Every record, apart from its pictures, should be repeated exactly.

======== SUPPLIED MATERIAL ========

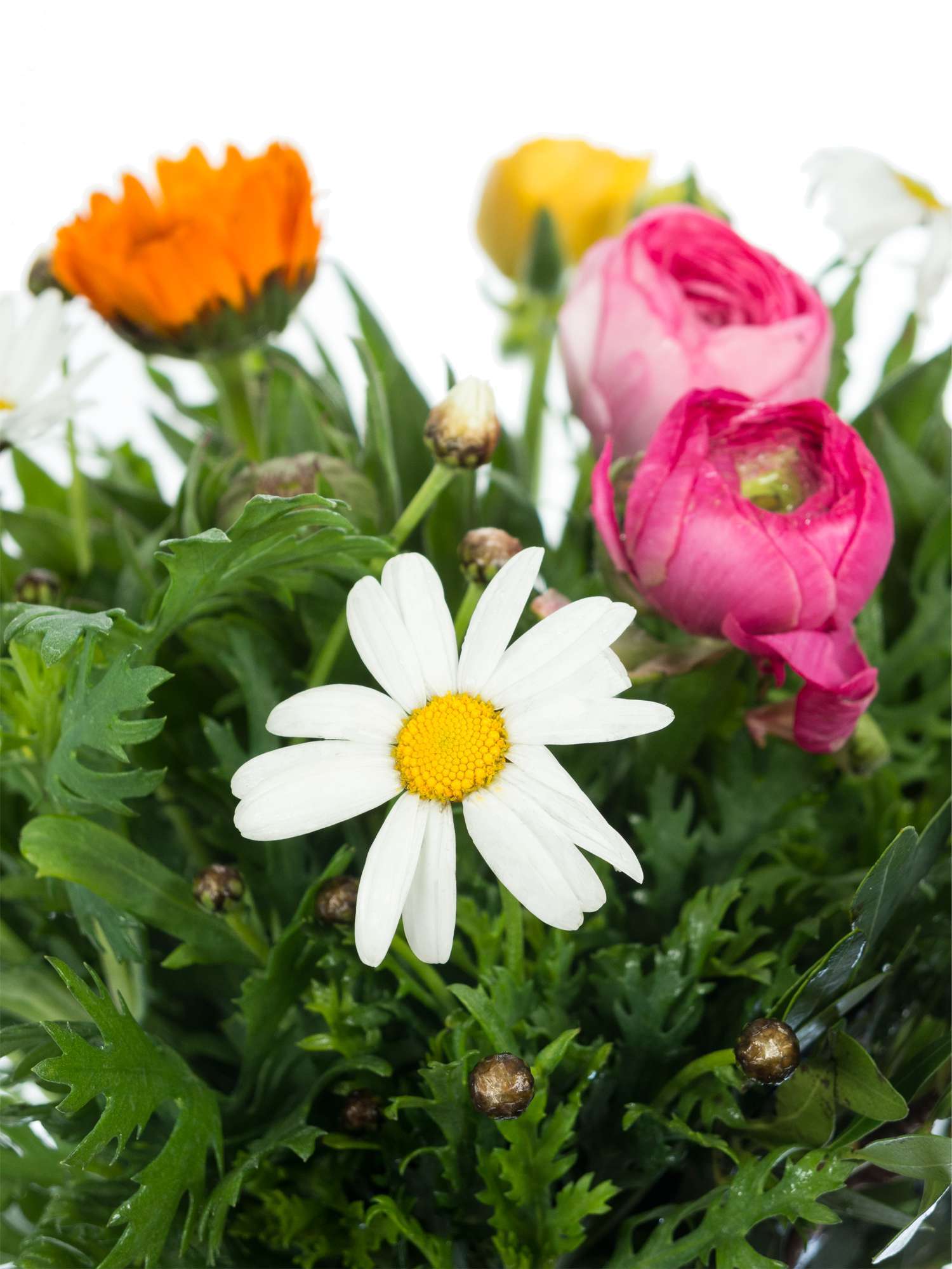 blumigo-berraschungsmix-italienische-fr-hlingsmischung image 2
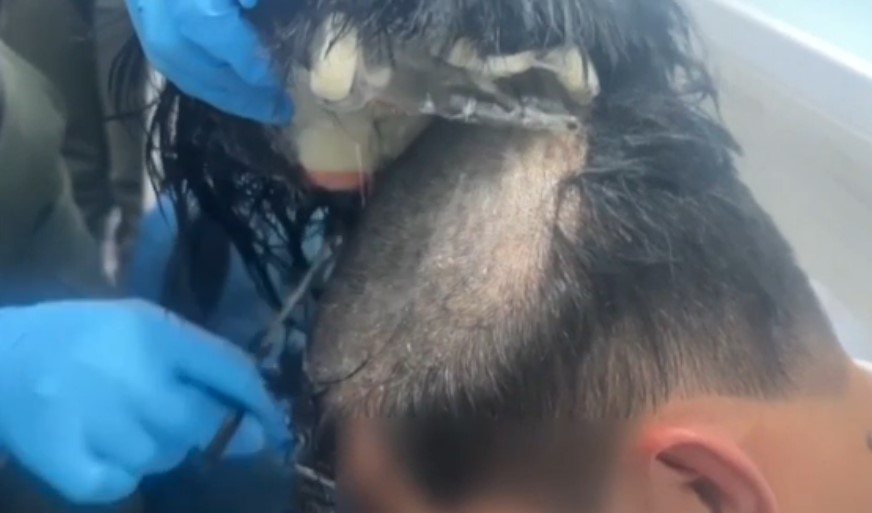 Columbia: cocaină ascunsă de un traficant în perucă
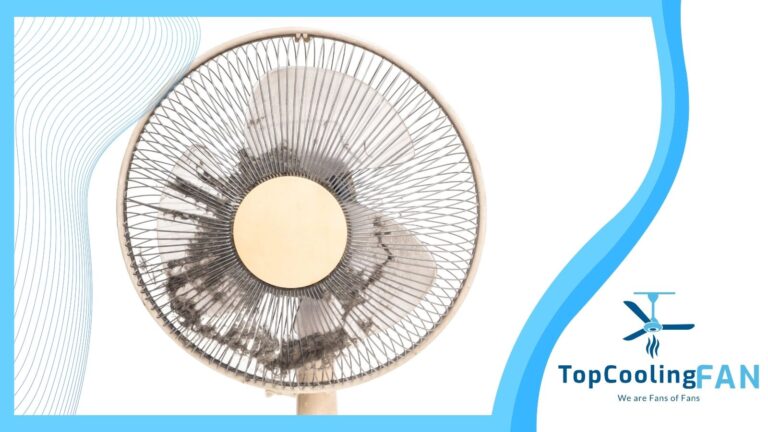 How to Clean a Fan Without Taking It Apart?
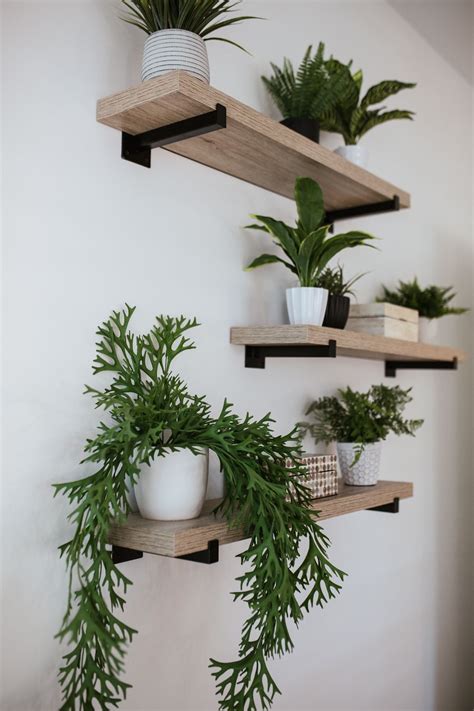 Built In Plant Shelf Decorating Ideas Best Design Idea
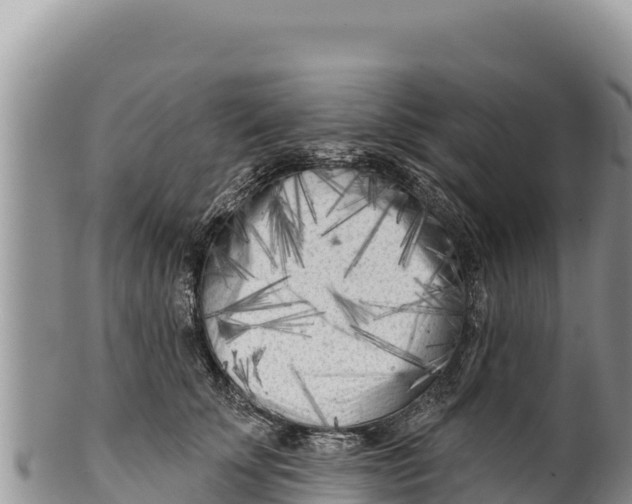 X0000100210707200806201445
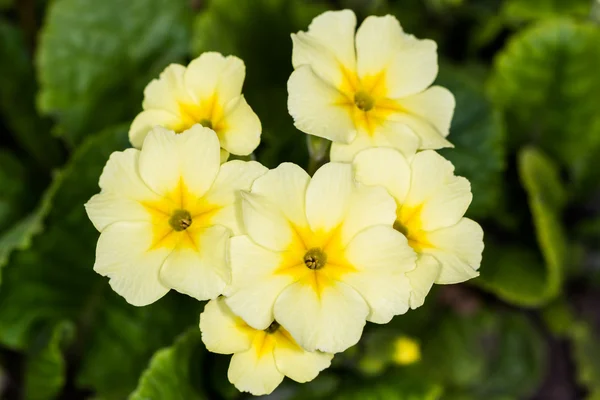 Flores amarelas Primroses — Fotografia de Stock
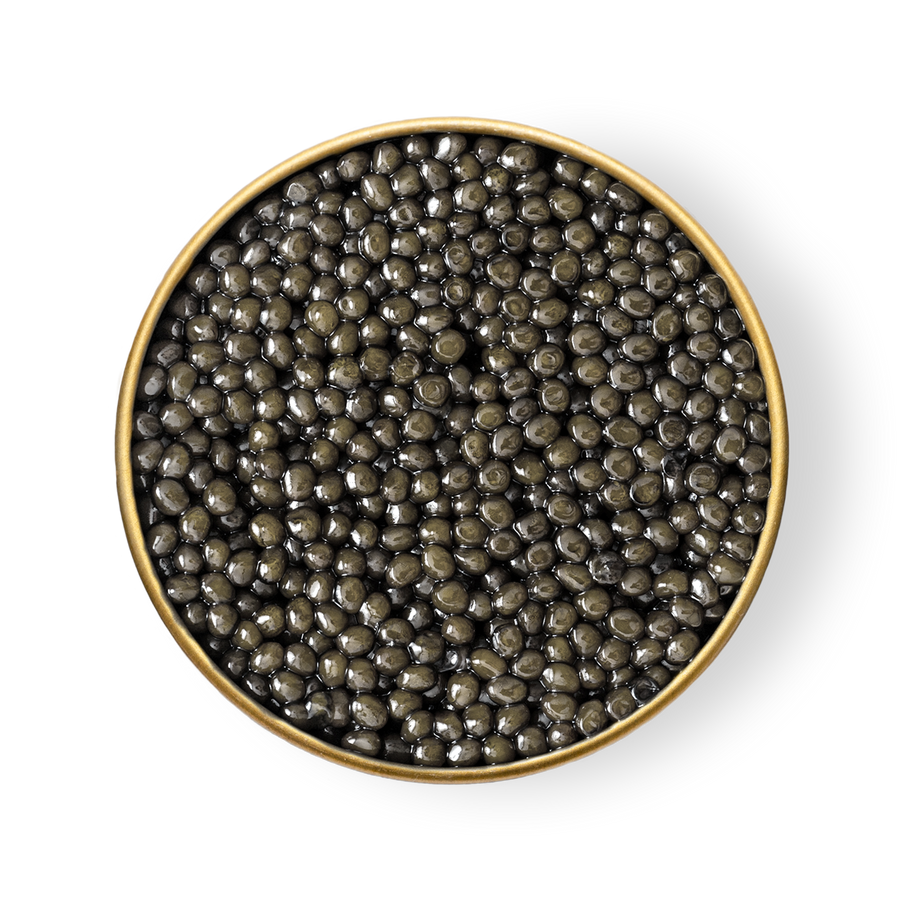 A close up of Petrusco Sevruga caviar in an open tin.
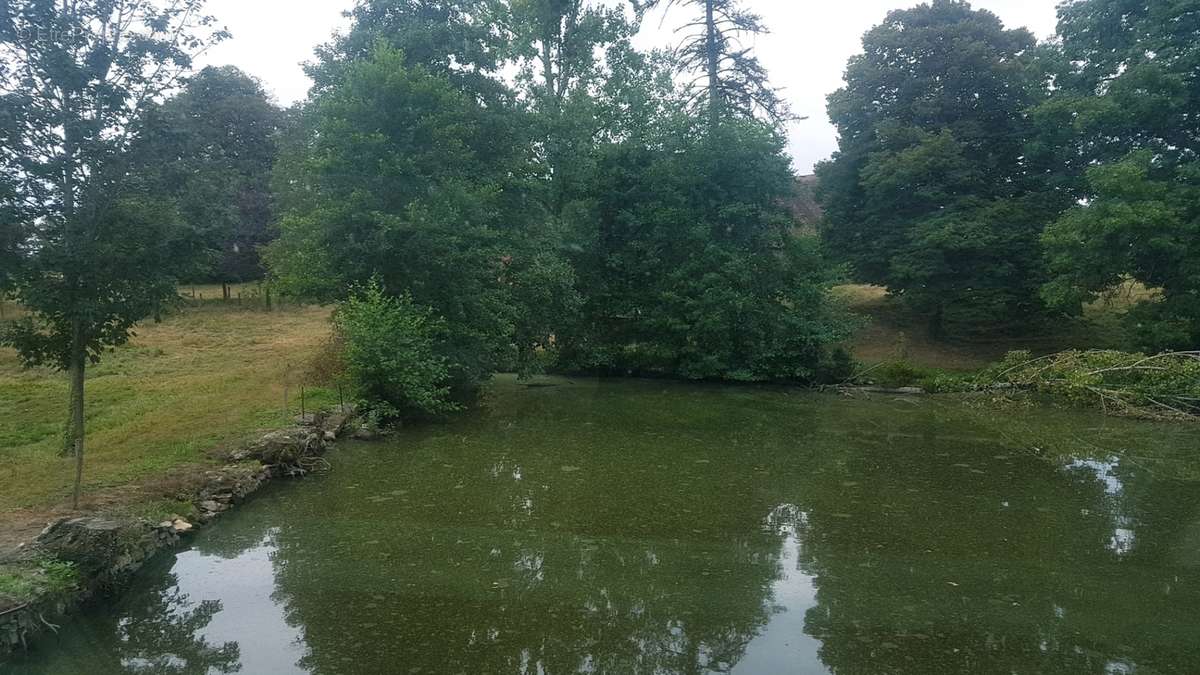 VUE ETANG VOISIN - Maison à LANOUAILLE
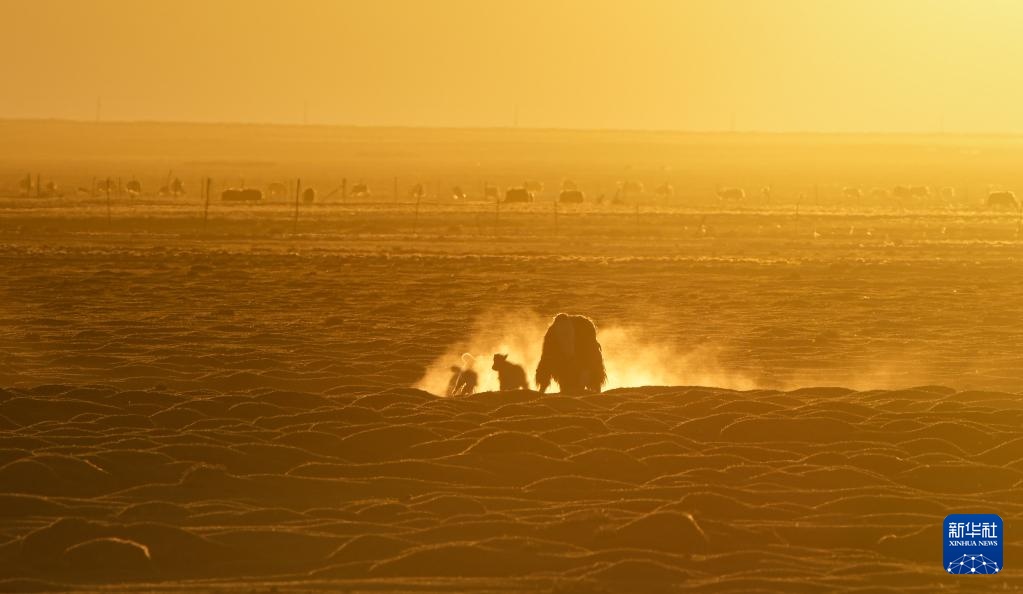 羌塘草原孕育“新希望” 羌塘草原孕育“新希望”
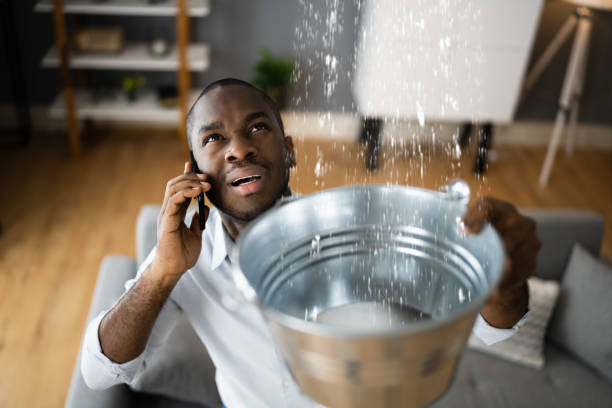 Best Flood restoration services  in Raeford, NC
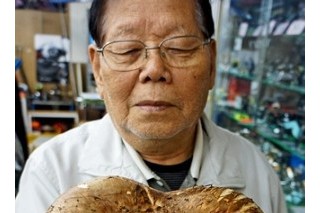 和歌山縣驚現(xiàn)巨型松茸“神菌”引媒體關(guān)注（圖） ()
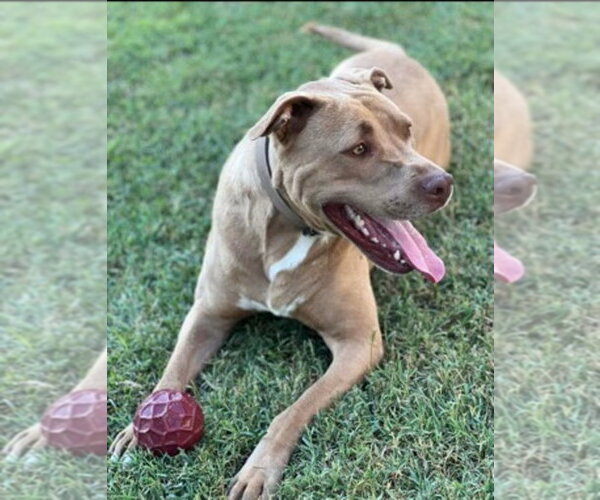 Medium Photo #4 Mutt Puppy For Sale in Monterey, VA, USA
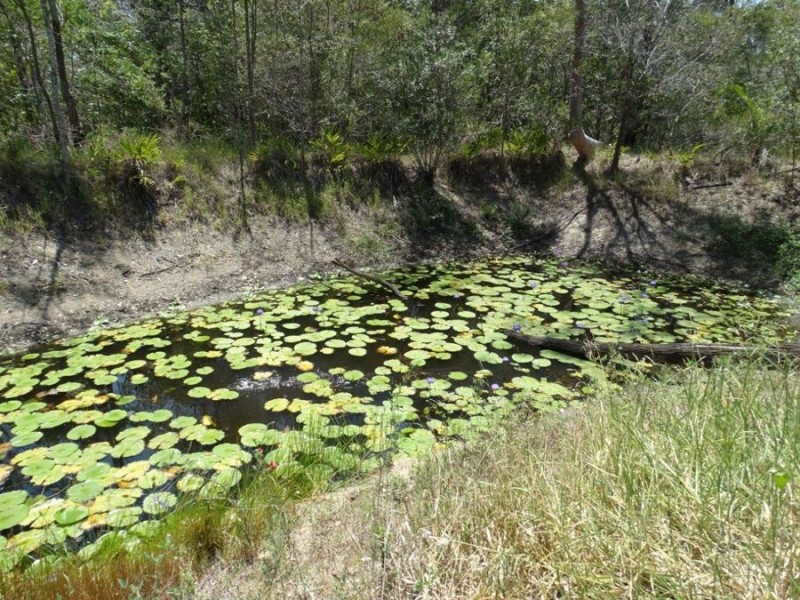 434 Cross Road, Euleilah QLD 4674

========

#### [ANSWER SECTION]
 blumigo-berraschungsmix-italienische-fr-hlingsmischung image 2
 Columbia: cocaină ascunsă de un traficant în perucă
 How to Clean a Fan Without Taking It Apart?
 Built In Plant Shelf Decorating Ideas Best Design Idea
 X0000100210707200806201445
 Flores amarelas Primroses — Fotografia de Stock
 A close up of Petrusco Sevruga caviar in an open tin.
 VUE ETANG VOISIN - Maison à LANOUAILLE
 羌塘草原孕育“新希望” 羌塘草原孕育“新希望”
 Best Flood restoration services  in Raeford, NC
 和歌山縣驚現(xiàn)巨型松茸“神菌”引媒體關(guān)注（圖） ()
 Medium Photo #4 Mutt Puppy For Sale in Monterey, VA, USA
 434 Cross Road, Euleilah QLD 4674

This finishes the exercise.